Floyd G. Painter, Sr., appeals from a jury verdict awarding respondent Roger Johnson the sum of $1,550.00 actual damages and $8,450.00 punitive damages on his cause of action for abuse of process. The punitive damages award was reduced to $3,450.00 on a motion for a new trial nisi. We reverse.
Appellant advances two grounds for reversal: (1) insufficiency of the evidence; and (2) prejudicial and improper argument to the jury by respondent’s counsel. The alleged improper argument was not objected to during the trial and any objection to the argument is deemed waived. The sole remaining issue involves the sufficiency of the evidence to sustain the finding of the jury that there was an abuse of process.

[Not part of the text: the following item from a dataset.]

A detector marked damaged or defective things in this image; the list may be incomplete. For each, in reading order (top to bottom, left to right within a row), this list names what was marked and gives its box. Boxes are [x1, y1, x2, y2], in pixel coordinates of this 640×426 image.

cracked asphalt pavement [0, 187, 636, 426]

We held in Huggins v. Winn-Dixie Greenville, Inc., 249 S. C. 206, 153 S. E. (2d) 693 (1967), that the tort of abuse of process, as distinguished from that of malicious prosecution, involves the malicious misuse or perversion of the process, after its issuance, for an end not lawfully warranted by it. The essential elements of abuse of process are: (1) an ulterior purpose; and (2) a wilful act in the use of the process not proper in the regular conduct of the proceeding.

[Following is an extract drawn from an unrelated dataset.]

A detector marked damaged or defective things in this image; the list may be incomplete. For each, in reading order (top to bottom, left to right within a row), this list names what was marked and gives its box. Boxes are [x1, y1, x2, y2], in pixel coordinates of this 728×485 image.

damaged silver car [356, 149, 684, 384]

This action arose from a fight between the parties which resulted in physical injuries to appellant. Appellant thereafter procured the issuance of a criminal warrant against respondent for simple assault and battery, which was'later upgraded to assault and battery of a high and aggravated nature. The trial of the criminal charges resulted in respondent’s acquittal. He then brought this action.
Respondent’s cause of action rested upon testimony to the effect that appellant, after institution of criminal charges, sought monetary gain, offering to drop the charges upon payment of $2,500.00.

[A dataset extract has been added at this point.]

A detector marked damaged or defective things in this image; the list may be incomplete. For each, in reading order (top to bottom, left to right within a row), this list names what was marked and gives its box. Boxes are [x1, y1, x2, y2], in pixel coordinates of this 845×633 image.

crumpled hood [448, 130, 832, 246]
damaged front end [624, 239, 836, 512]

The uncontradicted testimony at trial was that respondent’s attorney, who was counsel for Mr. Johnson in both the criminal and this proceeding, telephoned appellant while the *392criminal charge was pending. Appellant testified he agreed to drop the charges, if the solicitor also agreed, upon payment of $2,500.00 restitution for lost time and medical and hospital expenses.
Additionally, appellant candidly admitted that if respondent had been found guilty at the criminal trial, appellant would have requested the court for restitution from respondent.
The court does not always have to accept uncontradicted evidence as establishing the truth; however, it should be accepted unless there is reason for disbelief. Elwood Construction Co. v. Richards, 265 S. C. 228, 217 S. E. (2d) 769 (1975).
A search of the record shows the only reasonable inference that can be drawn from the evidence is that respondent’s counsel telephoned appellant and got him to agree to drop the criminal charge against respondent if appellant were reimbursed for his lost time, medical and hospital expenses, and if the solicitor agreed. Appellant and respondent were across-the-street neighbors who had had no prior difficulties. We have always looked with favor upon restitution and reconciliation. We see nothing wrong with the attorney calling or appellant telling him the amount of his out-of-pocket expenses.
We find the verdict for abuse of process is without evidentiary support; thus, the trial judge erred in not granting appellant’s motion for a directed verdict. Accordingly, we reverse.
Reversed.
Littlejohn and Harwell, JJ., and Joseph R. Moss, Acting Associate Justice, concur. Lewis, C. J., dissents.